Excess Share of Voice – a key driver of increased market share
5 minute read
For more than 50 years, despite seismic shifts in media diversity and consumption, marketers have been able to rely on a rule to help determine how much money to invest in advertising to meet specific growth targets. The rule, called the “Share of Voice (SOV) Rule”, says the following:
“Brands that set their share of voice (SOV) above their share of market (SOM) tend to grow (all other factors being equal), and those that set SOV below SOM tend to shrink. The rate at which a brand grows or shrinks tends to be proportional to its ‘excess’ or ‘extra’ share of voice (ESOV), defined as the difference between SOV and SOM.”
The SOV rule is most elegantly articulated in a 1990 article in Harvard Business Review by John Phillip Jones, called “Ad Spending: Maintaining Market Share” and is backed by additional research from The Ehrenberg-Bass Institute and researchers Les Binet and Peter Field. The collective research shows that a brand tends to grow market share in proportion to the Excess Share of Voice (ESOV) achieved in the marketplace.
The SOV rule therefore provides a simple formula for working out how much your advertising budget needs to grow, in order to grow your bottom line.
Playing within the rules
While this formula is well-known in B2C marketing circles, it is little known in B2B marketing. New research from LinkedIn’s B2B Institute has shown that the SOV rule applies in B2B markets just as it does in B2C markets. Les Binet and Peter Field analysed effectiveness data from the Institute of Practitioners of Advertising databank and found an ESOV of 10% leads to market share growth of 0.7% per year.
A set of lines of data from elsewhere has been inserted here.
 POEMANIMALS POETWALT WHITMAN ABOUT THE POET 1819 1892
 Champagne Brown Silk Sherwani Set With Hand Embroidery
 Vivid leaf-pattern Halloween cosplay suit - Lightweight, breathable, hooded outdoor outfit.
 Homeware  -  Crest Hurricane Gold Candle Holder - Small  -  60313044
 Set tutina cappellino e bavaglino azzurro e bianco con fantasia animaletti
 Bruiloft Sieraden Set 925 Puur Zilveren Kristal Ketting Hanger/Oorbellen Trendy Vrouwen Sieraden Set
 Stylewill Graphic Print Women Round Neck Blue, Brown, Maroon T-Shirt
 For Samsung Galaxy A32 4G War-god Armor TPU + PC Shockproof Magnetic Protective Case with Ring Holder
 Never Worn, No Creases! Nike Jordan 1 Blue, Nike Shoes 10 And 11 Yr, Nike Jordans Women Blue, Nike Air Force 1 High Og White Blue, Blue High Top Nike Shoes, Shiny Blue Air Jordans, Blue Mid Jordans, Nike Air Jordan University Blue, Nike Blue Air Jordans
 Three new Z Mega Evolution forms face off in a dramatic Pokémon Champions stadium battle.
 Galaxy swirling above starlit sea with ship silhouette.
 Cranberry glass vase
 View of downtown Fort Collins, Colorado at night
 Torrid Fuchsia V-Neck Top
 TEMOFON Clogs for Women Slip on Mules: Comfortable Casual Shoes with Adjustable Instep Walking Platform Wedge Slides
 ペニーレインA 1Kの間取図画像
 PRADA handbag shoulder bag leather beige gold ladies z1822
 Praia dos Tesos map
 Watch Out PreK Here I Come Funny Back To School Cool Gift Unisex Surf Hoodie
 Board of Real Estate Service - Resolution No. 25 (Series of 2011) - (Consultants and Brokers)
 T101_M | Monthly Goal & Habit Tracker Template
Interestingly, the SOV rule appears to have an even stronger effect in B2B than in B2C, where 10% ESOV drives 0.6% annual growth.
The clues for how to do so are hiding in plain sight in the full research report that Binet and Field prepared for the B2B Institute.
The formula for punching above your weight in B2B
Here are five key principles for building the SOV that you need to exceed your SOM – and drive business growth:
Principle 1: The SOV formula works for everyone, even small firms
If you’re a smaller business looking to grow, then the SOV rule still works in your favour. Let’s say you’re a challenger business with only 1% of the market. In that case, you are still likely to grow, even with only 2% of your category’s ad spend. And as your company gets bigger, you can invest increasingly bigger budgets into advertising to accelerate growth over time. It is worth noting that small companies with genuinely innovative products often generate strong word of mouth, accelerating additional SOV beyond their share of category ad spend, but that effect diminishes over time.
Principle 2: Balance brand and activation
Marketing spend translates into SOV most effectively when you have the right balance between long-term brand building and short-term sales activation (e.g. lead generation). The B2B Institute report shows that the optimum B2B marketing mix involves spending roughly 50% of your budget on brand and roughly 50% on activation. Balanced marketing tends to generate performance 4x better than purely short-term, sales activation strategies like lead generation.
Part of the reason that balanced marketing campaigns perform so much better, is the impact of brand campaigns, which compound over time, build on the brand memories and associations a brand creates. Activation campaigns, on the other hand, typically start from scratch with a new offer or approach each time.
Principle 3: Expand your customer base
If your marketing only targets existing customers then it won’t translate effectively into SOV, since you’re not investing in reaching new customers. Binet and Field’s research shows that the most effective marketing strategies are ‘reach’ strategies that target the entire category, reaching new prospects and old customers alike.
Simply put, reaching more category customers equals achieving more SOV.
Principle 4: Maximise mental availability
The most effective campaigns prioritise building ‘mental availability’, which is the extent to which the brand comes readily to mind in buying situations. The ultimate aim is brand fame: being the brand that comes to mind for the most category buyers in the most buying decisions.
Building a famous brand requires reaching all category buyers to get people to recognize and talk about your brand. One of the best ways to get reach beyond your size is to produce advertising that’s different from everybody else in your category. It will be extremely difficult for a small brand to cut through with advertising fundamentally similar to everyone else in the category. However, if you can surprise people, make people laugh, or awe people, you have a better chance to compel them to remember and talk about your brand. These types of ideas don’t tend to come from creative briefs that stress the need to communicate product benefits like precise steering or better systems integration. These types of ideas come from creative briefs where the chief priority is to be talked about.
Principle 5: Harness the power of emotion
Emotional campaigns (ones that try to make prospects feel more positively about the brand) are more effective in the long term than rational campaigns (ones that try to communicate information). This is because emotional content tends to embed more deeply in our memories. When it comes to maximizing SOV, emotion is a powerful part of any brand campaign because it is not only important that you see an ad, but also that you remember the ad (and the brand).
Maintaining SOV to maintain SOM
The five principles listed above are core to marketing effectiveness for any brand – big or small. Brands must achieve high share of voice, high category reach, high mental availability and do so in campaigns that blend emotional brand building and rational sales activation. The companies – and marketers – that are able to invest in these principles can expect to grow their businesses – and their careers.